Christopher Whitehead Language College and Sixth Form is a secondary school in Worcester, Worcestershire, England. It is a co-educational school, in which there are about 1500 students enrolled, aged between 11 and 19. The school holds Specialist Language College status, and became an academy in 2011. In 2015 they opened a new sixth form centre with the first intake arriving in September 2015.

==History==
The school was opened in 1983 following the merger of two schools and it draws its pupils mainly from the St John's area of Worcester and the surrounding west side of Worcester City. The school gained specialist language college status in September 2005.

Geography teacher Christopher Elliott was found guilty on 3 June 2011 of "unprofessional conduct" at Christopher Whitehead Language College in Worcester where he worked for nine years for "mocking disabled children and throwing chairs at students". On one occasion, it is said he "mocked one child who suffered from a condition that left him shorter than his fellow pupils" by kneeling on the floor next to the student and saying: "'Is this what it is like being you?'".

==Grounds and Facilities==
The school occupies a large site on the west bank of the River Severn with views of the Malvern Hills and of Worcester City and its cathedral. The school was formed in 1983 by the amalgamation of two schools, Christopher Whitehead Boys School and Christopher Whitehead Girls School. The Boys School was formerly housed in the older 1950s buildings and the Girls Schools in the newer 1960s and 1970s buildings. As such, its buildings vary in age and architecture. The 1950s School building originally housed both the Boys and Girls school, separate entrances were used. It has been substantially modernised and re-equipped since its formation.

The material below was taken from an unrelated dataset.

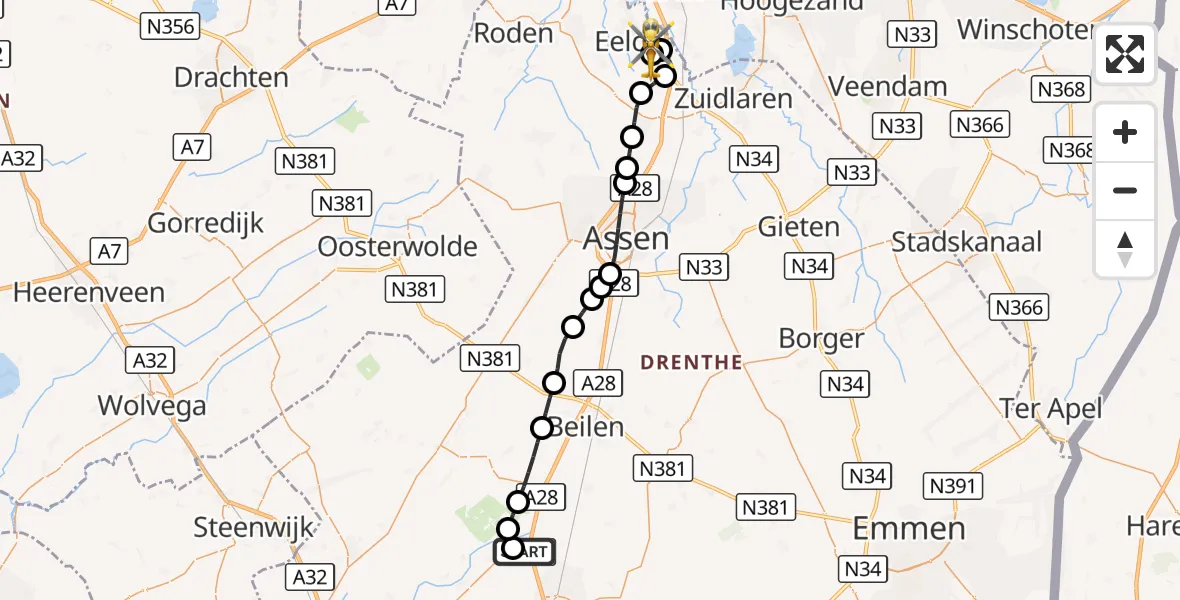 Vluchtroute Traumahelikopter Eursinge - Groningen Airport Eelde, 19 september 2026, 18:11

An extension opened in 2017, with 29 new classrooms built, as a result of a government funded build. This allowed for an increase in the intake number of year 7 students in addition to the 220 Sixth Form students.

==Houses==
In September 2007, the school was divided into six houses. Each pupil wears a coloured tie or pin badge of their corresponding house. Students now share their forms with approximately five pupils from each year at the school in the same house. The houses are: Brunel, Da Vinci, Shakespeare, Curie, Pankhurst and Seacole.